1. Introduction

In this tutorial, we’ll learn what non-blocking data structures are and why they are an important alternative to lock-based concurrent data structures.

First, we’ll go over some terms like obstruction-free, lock-free, and wait-free.

Second, we’ll look at the basic building blocks of non-blocking algorithms like CAS (compare-and-swap).

Third, we’ll look at the implementation of a lock-free queue in Java, and finally, we’ll outline an approach on how to achieve wait-freedom.

2. Lock Versus Starvation

First, let’s look at the difference between a blocked and a starving thread.

threads lock

In the above picture, Thread 2 acquires a lock on the data structure. When Thread 1 attempts to acquire a lock as well, it needs to wait until Thread 2 releases the lock; it won’t proceed before it can get the lock. If we suspend Thread 2 while it holds the lock, Thread 1 will have to wait forever.

The next picture illustrates thread starvation:

threads lockfree

Here, Thread 2 accesses the data structure but does not acquire a lock. Thread 1 attempts to access the data structure at the same time, detects the concurrent access, and returns immediately, informing the thread that it could not complete (red) the operation. Thread 1 will then try again until it succeeds to complete the operation (green).

The advantage of this approach is that we don’t need a lock. However, what can happen is that if Thread 2 (or other threads) access the data structure with high frequency, then Thread 1 needs a large number of attempts until it finally succeeds. We call this starvation.

Later on we’ll see how the compare-and-swap operation achieves non-blocking access.

3. Types of Non-Blocking Data Structures

We can distinguish between three levels of non-blocking data structures.

3.1. Obstruction-Free

Obstruction-freedom is the weakest form of a non-blocking data structure. Here, we only require that a thread is guaranteed to proceed if all other threads are suspended.

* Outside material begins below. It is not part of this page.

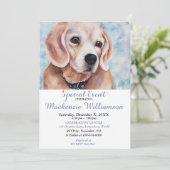 BEAGLE WISHES HAPPY BIRTHDAY KAART (Staand voorkant)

More precisely, a thread won’t continue to starve if all other threads are suspended. This is different from using locks in that sense, that if the thread was waiting for a lock and a thread that holds the lock is suspended, the waiting thread would wait forever.

3.2. Lock-Free

A data structure provides lock-freedom if, at any time, at least one thread can proceed. All other threads may be starving. The difference to obstruction-freedom is that there is at least one non-starving thread even if no threads are suspended.

3.3. Wait-Free

A data structure is wait-free if it’s lock-free and every thread is guaranteed to proceed after a finite number of steps, that is, threads will not starve for an “unreasonably large” number of steps.

3.4. Summary

Let’s summarize these definitions in graphical representation:

threads summary

The first part of the image shows obstruction-freedom as Thread 1 (top thread) can proceed (green arrow) as soon we suspend the other threads (at the bottom in yellow).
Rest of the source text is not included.